Anregungen von den Hethitern sind allerdings nicht auszuschließen, da Beziehungen zum Hethiterreich durch ein Silberrhyton aus Schachtgrab IV in Mykene nachgewiesen sind. So waren die Hethiter im „späten 2. Jahrtausend berühmt für ihre Wagenkämpfer“ (Olaf Höckmann in „Ägäische Bronzezeit“, Hrsg. H. G. Buchholz, S. 340).
Da jedoch die Metallkunst der Mykener zu jener Zeit schon so ausgereift war, dass ein Panzer wie der von Dendra durchaus hergestellt werden konnte und laut Katsikis einer „Architektur des Körpers“ folgte, ist darin ein weiteres Argument für eine heimische Herstellung gegeben. Spätere Rüstungen wurden demnach mehr und mehr der „männlichen Anatomie“ angepasst.
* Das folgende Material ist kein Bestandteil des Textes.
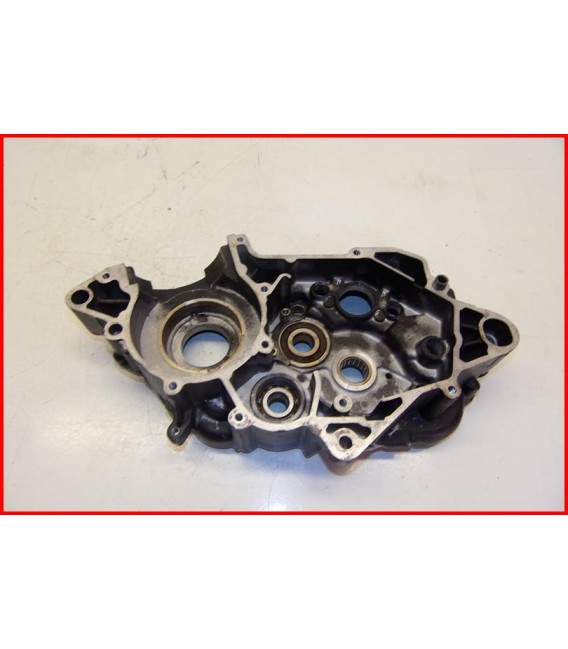 CAGIVA MITO 125 1998 CARTER MOTEUR DROIT - OCCASION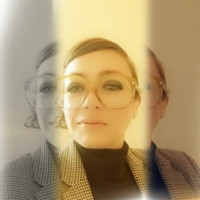 EILYPS Employee Sophie Gatel's profile photo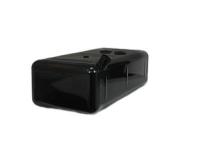 Бак топливный ГАЗ 2705 Газель, 27057, 3221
Trotz vieler Erkenntnisse, die Dendra Rüstung betreffend, bleiben noch viele Fragen offen.
Ist die Bronzelegierung (Zusammensetzung von Zinn und Kupfer) möglicherweise aus Zypern? Was trug der Wagenkämpfer unter der Rüstung, denn es ist kaum anzunehmen, dass der Träger direkt mit der Haut auf das Metall stieß.
Mit welchem Material waren die scharfen Kanten abgepolstert?
Ist der Taillenwulst am Thoraxpanzer noch ein kleines Relikt aus der minoischen Kunst („Lilienprinz“ Fresko minoischer Palast von Knossos oder Goldener Becher von Vaphio), oder einfach nur ein breiter Gürtel?
Weitere Untersuchungen könnten durchaus noch einige Fragen beantworten oder Überraschendes zu Tage fördern.